The Government of Canada has announced a new international education strategy entitled “Building on Success: Canada’s International Education Strategy (2019-2024),” which defines a new stage in Canada’s approach to internationalisation. The plan commits CDN$148 million over five years to international education initiatives, followed by a further CDN$8 million per year of ongoing funding.

The clear priority areas for the new strategy are (1) diversifying source markets for Canadian institutions, and (2) encouraging more Canadians to go abroad to study.

Also included in the budget is a plan to extend Canada’s Student Direct Stream (SDS), which allows students who submit applications electronically and “meet additional up-front requirements” to access faster visa processing times. The SDS is currently available to students from China, India, Vietnam, and the Philippines, and was recently expanded to include Pakistan. Under the new strategy, SDS will be expanded to additional markets through 2024.


Managing growth

Notably absent in the new Canadian international education strategy is a target for increased international student numbers. The last time Canada released a national recruitment strategy was in 2014, and that plan was built around a target to host 450,000 international students by 2022.

Canada surpassed that target in 2017 when it enrolled 494,525 students – an increase of 20% over the previous year. In 2018, Canada added another 80,000 international students to reach a total of 572,415 students for growth of 16.3% over 2017.

Canada’s rapid growth trend is similar to the one in Australia, where international student numbers grew by 11.4% to 693,750 in 2018, following a 12.6% increase in 2017. This trajectory is beginning to attract some critics in Australia; industry observers have recently raised red flags about a perceived overreliance on international enrolments, and on students from China in particular.

Canada’s international student population also includes a heavy concentration of Chinese students, as well as an even larger proportion of Indian students thanks to strong growth from this key market over the last three years. Together, China and India made up 55% of all foreign student enrolments for Canadian educators in 2018.

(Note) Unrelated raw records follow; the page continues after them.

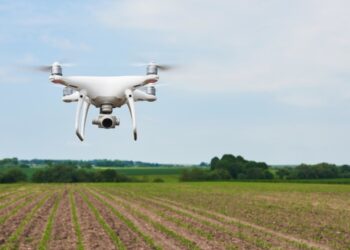 España lidera el sector agrotech: tecnología para mejorar la industria agro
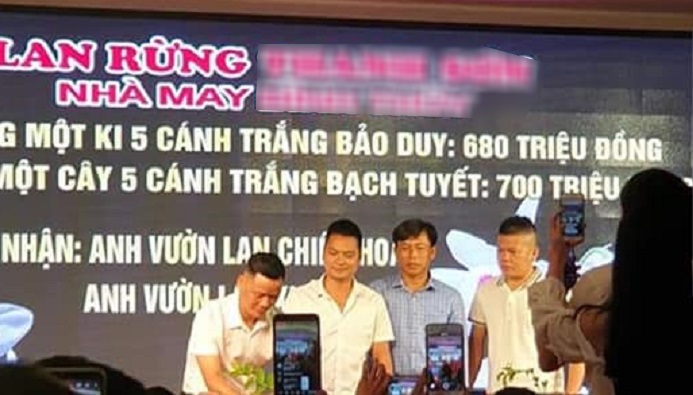 Tưởng hàng rẻ tiền, vì lý do không ngờ mà chậu hoa lan này có giá 700 triệu đồng - Ảnh 1.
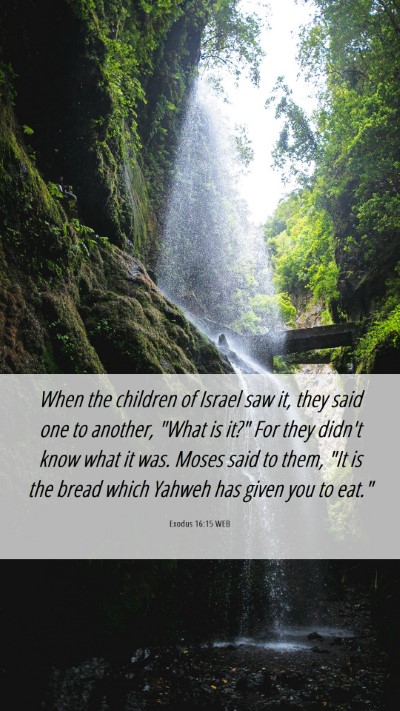 Picture 06 - Exodus 16:15 WEB Mobile Phone Wallpaper - When the children of Israel saw it, they said one - Mobile Bible Verse Wallpaper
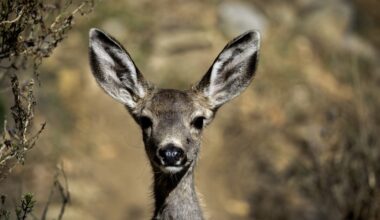 Catalina Island mule deer - LAist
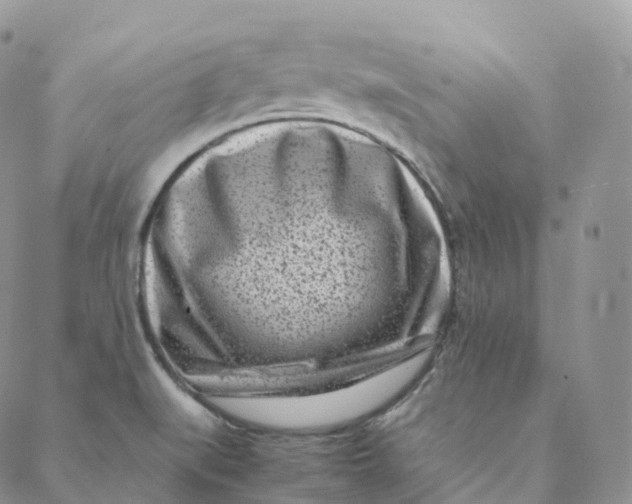 X0000088361519200706121042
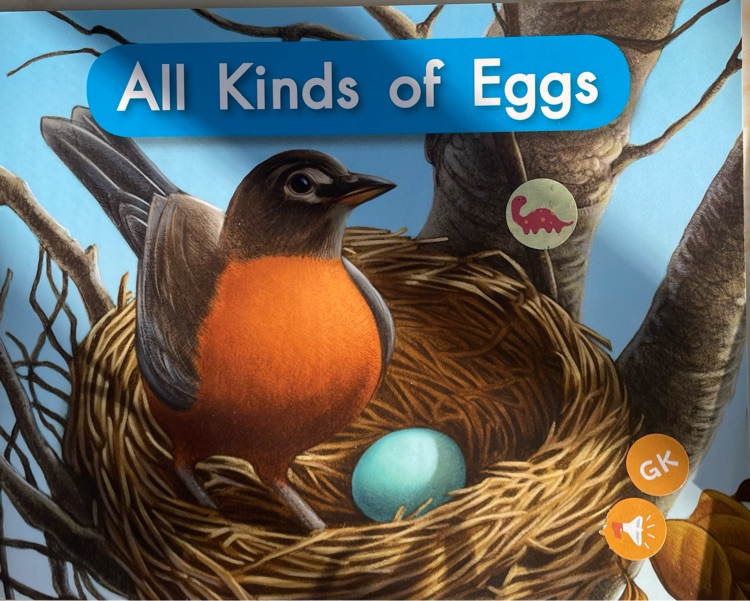 All Kinds of Eggs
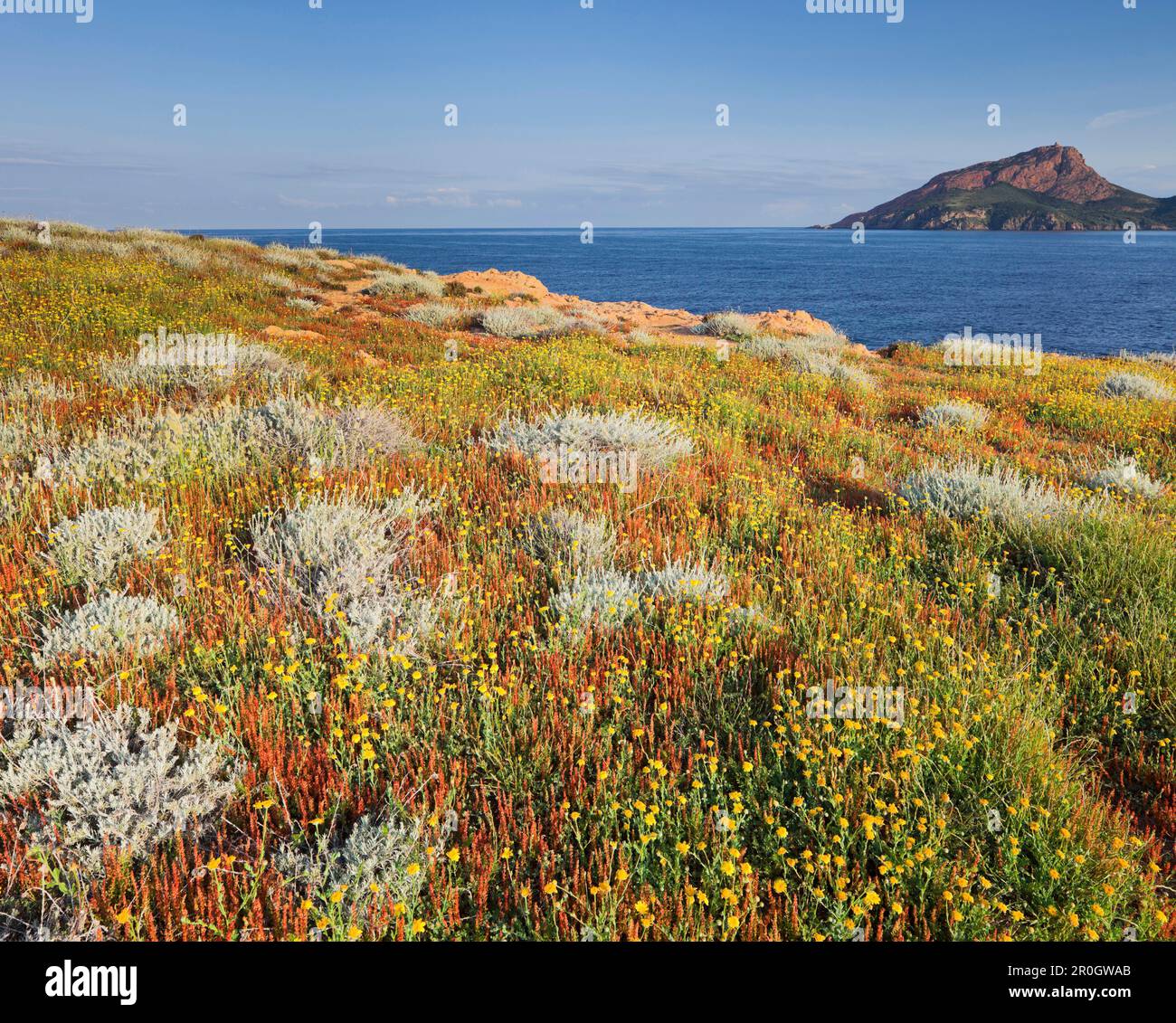 Fiori selvatici a Capu Rossu, piana, Corsika, Francia Foto Stock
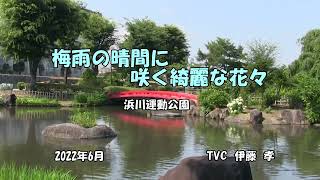 梅雨の晴間に咲く綺麗な花々　伊藤孝　（高崎ビデオクラブ）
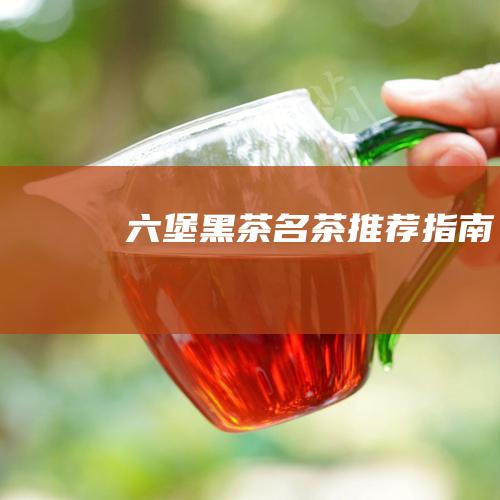 六堡黑茶名茶推荐指南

The new Canadian strategy appears to address questions of how the country will manage growth by emphasising diversification in the enrolment base. Part of the budget – CDN$24.1 million over five years and CDN$5.4 million ongoing – is directed to a new digital marketing effort aimed at prospective students from several priority targets: Mexico, Colombia, Brazil, Vietnam, Philippines, Indonesia, Thailand, Morocco, Turkey, France, and the Ukraine.

The Canadian government notes that, “The new marketing strategy will feature new tools, channels, and technologies that influence the choices of international students and will fully capitalise on the EduCanada brand.” (The EduCanada brand was launched in 2016 to help promote the benefits of Canadian education around the world.)

While diversification of source markets is a top priority going forward for Canada, India and China will remain key markets. Recruitment from these markets is meant to evolve according to the following goals:

“The new strategy will focus on diversifying source regions within China and India for students, as well as levels, programmes and regions of study across Canada, to amplify economic benefits and create jobs in even more of our communities.”

Boosting outbound mobility

The Canadian strategy also highlights a concern that (1) many Canadian students today graduate with technical and/or academic knowledge but lack soft skills and work experience and (2) they are going abroad in smaller proportions than students in other highly developed economies. The strategy document cites research showing that “approximately 11% of Canadian undergraduates study abroad during their academic career—significantly fewer than students from France (33%), Australia (19%) and the United States (16%).”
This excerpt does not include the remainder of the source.